Below are the records; extract from them the line containing "Zara arletic tenisky, zara,39" to the line containing "Beko HII64200FMTW Hvid", both lines included, exactly and with no pictures.

▶ _Record excerpts_:
━━━━━━

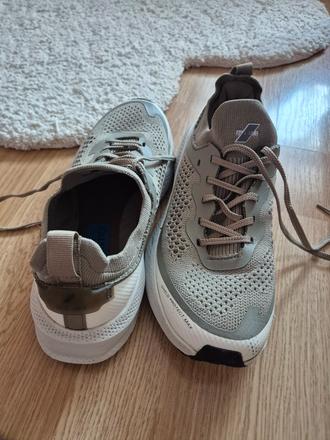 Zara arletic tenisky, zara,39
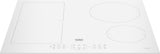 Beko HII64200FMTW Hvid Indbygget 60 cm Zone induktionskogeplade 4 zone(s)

━━━━━━

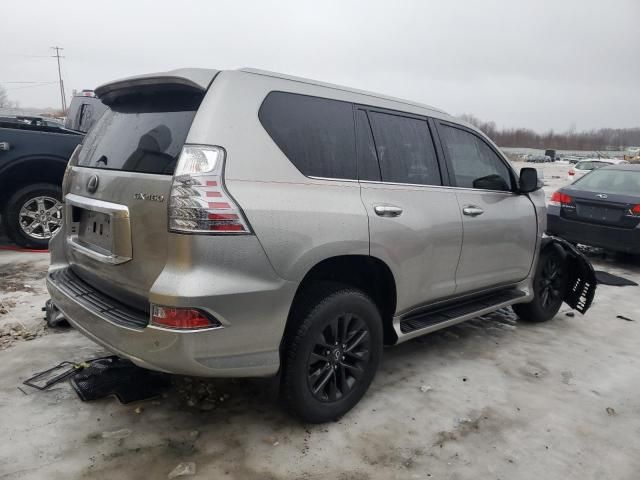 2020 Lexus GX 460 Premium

━━━━━━

▶ _Result_:
 Zara arletic tenisky, zara,39
 Beko HII64200FMTW Hvid Indbygget 60 cm Zone induktionskogeplade 4 zone(s)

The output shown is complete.